# Green, glowing kittens - just in time for Halloween



## twilyth (Sep 19, 2011)

This is really fairly spooky - and I want one.











excerpt, read more here



> Scientists exploring possible treatments for HIV have, purely as a byproduct of their methods, earned themselves a spot in today’s science blog postings: They’ve made glowing kittens.
> 
> When these green kitties were still twinkles in their parents’ eyes, scientists investigating a macaque gene thought to protect monkeys against feline immunodeficiency virus (FIV) inserted it into cat eggs with a lab-grown virus, intending to test whether cats carrying the gene were resistant to FIV as well. Researchers are interested in seeing how the macaque gene guards against FIV, which is the feline version of HIV, in hopes of transferring their insights to combating HIV.
> 
> But here’s where things get wacky: The team also included in the virus a jellyfish gene that makes a glowing green protein, to act as a signal. The virus does not always succeed in transferring the genes entrusted to it, but by including the jellyfish gene, the team gave themselves an easy way to tell when the transfer took place: kittens that glow green under fluorescent light, showing that they carry the jellyfish gene, almost certainly carry the macaque gene as well.



continued at link

and another pic


----------



## sneekypeet (Sep 19, 2011)

Been in the fish industry for a couple years now, not surprising its in larger creatures now


----------



## trickson (Sep 19, 2011)

That has always freaked me right the f out !


----------



## FordGT90Concept (Sep 19, 2011)

Oh the irony.  I was thinking about the blue mice earlier today.





What's next?  Purple cows?


----------



## Jegergrim (Sep 19, 2011)

so awesome . where to preorder one ?


----------



## trickson (Sep 19, 2011)

That is just wrong !


----------



## MxPhenom 216 (Sep 19, 2011)

trickson said:


> That is just wrong !



i agree, leave the animals to their normal natural state. Why do we humans always insist on messing with other animals and shit. I think its really fucked up.


----------



## trickson (Sep 19, 2011)

nvidiaintelftw said:


> i agree, leave the animals to their normal natural state. Why do we humans always insist on messing with other animals and shit. I think its really fucked up.
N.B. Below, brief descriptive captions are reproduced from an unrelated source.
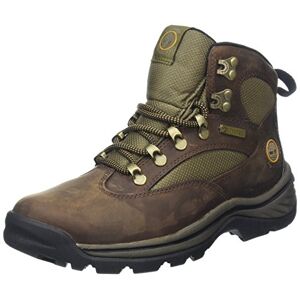 Timberland RG Hike FTP Chocorua Mid GTX Women's Short Boots Brown 39.5 EU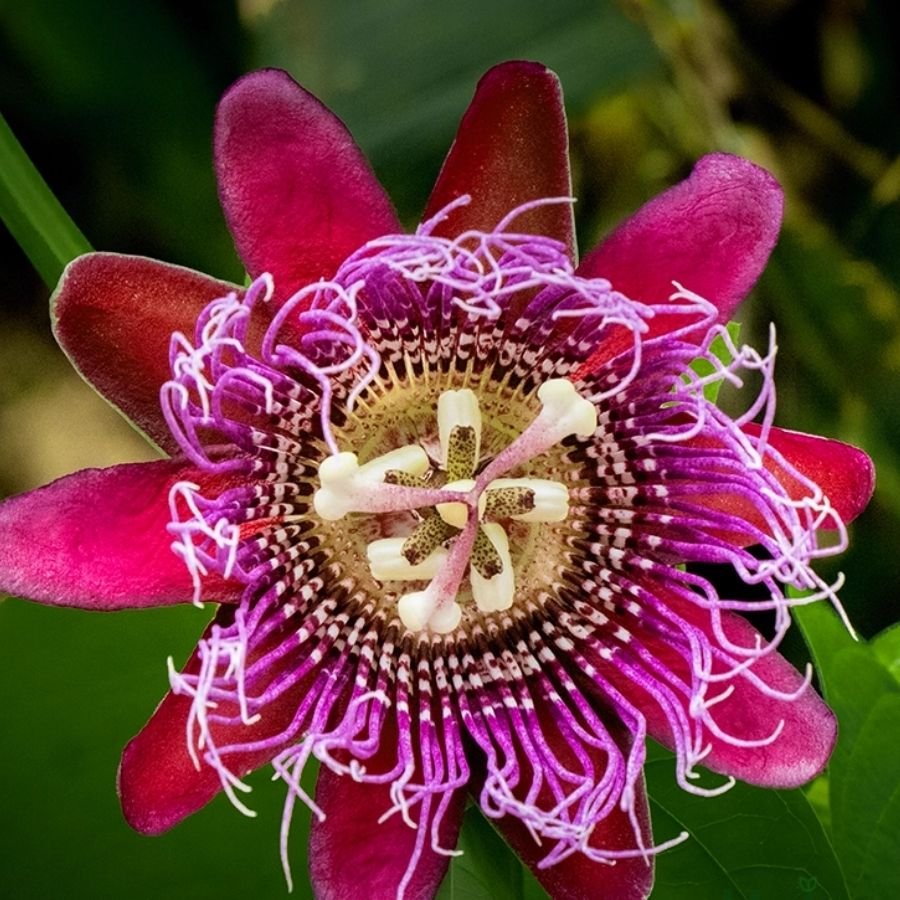 10 Krishna Kamal / Rakhi Bel Passion Flower Sapling – Maroon - Image 1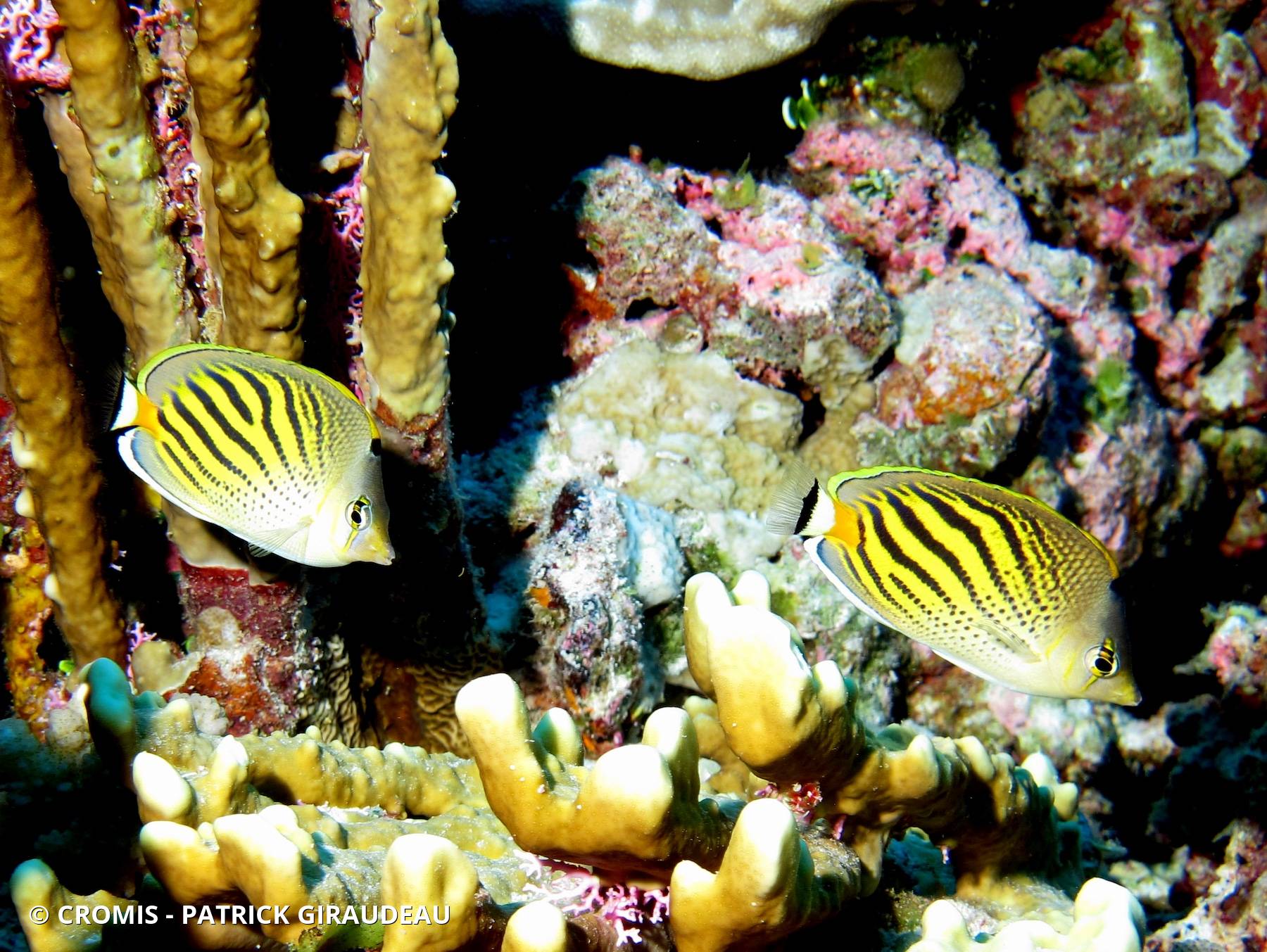 Poisson-papillon à points-tirets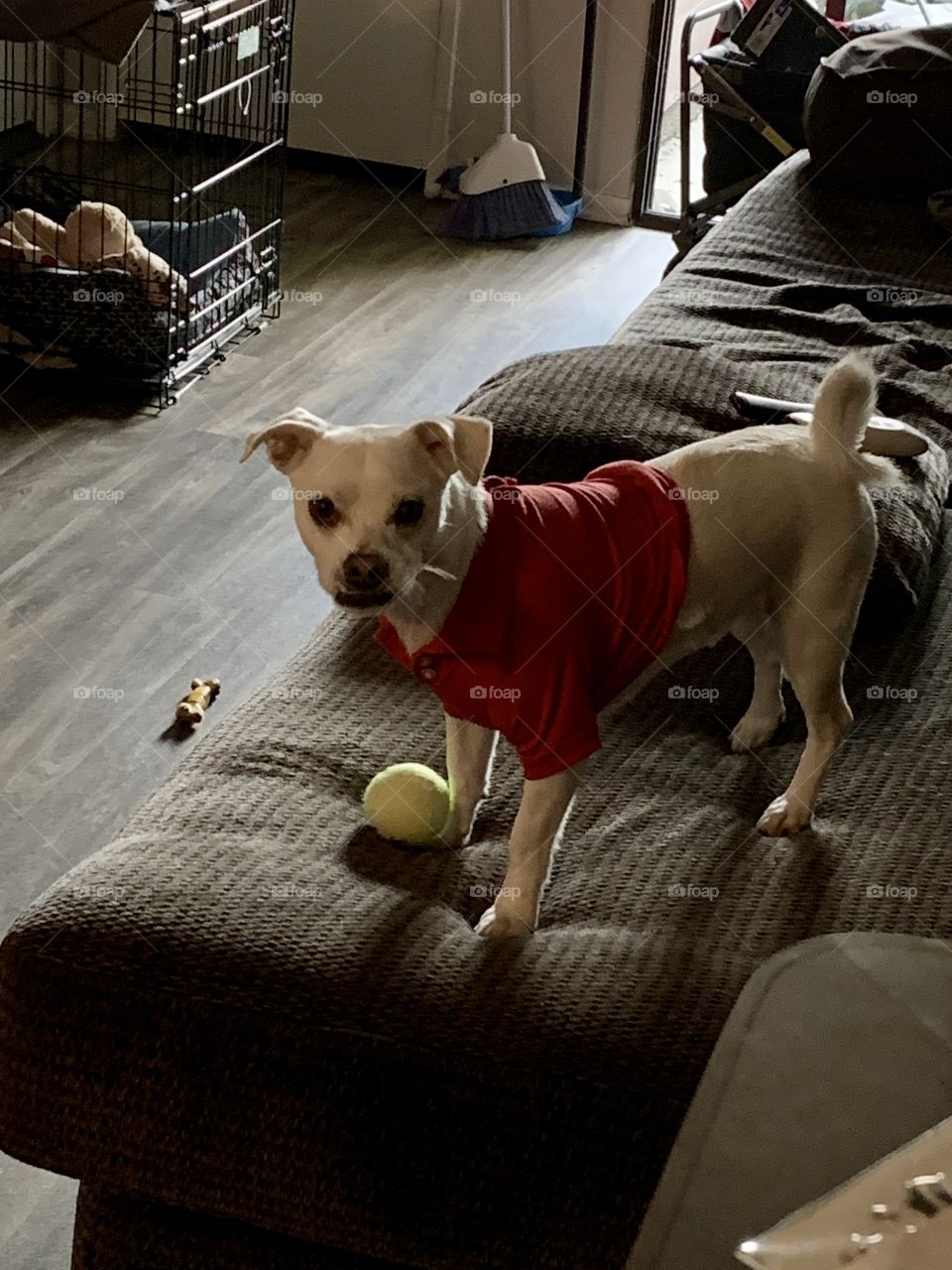 Jack Russell Terrier playing with ball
I agree . Tis a shame we think we can play GOD . :shadedshu


----------



## Arctucas (Sep 19, 2011)

trickson said:


> I agree . Tis a shame we think we can play GOD . :shadedshu



Genesis 1:26.


----------



## Jegergrim (Sep 19, 2011)

trickson said:


> That is just wrong !


Human rights leave us but this as alternative field experimenting, so in the name of medical science, it truly is everything but wrong. I frankly would be scared to live in a world with so many strains of various things, if we had no alternative test subjects....
And don't burn me for saying this, I'm not exactly justifying this as a means to an end, but consider the option of dismissing it entirely...that would be chaos



nvidiaintelftw said:


> i agree, leave the animals to their normal natural state. Why do we humans always insist on messing with other animals and shit. I think its really fucked up.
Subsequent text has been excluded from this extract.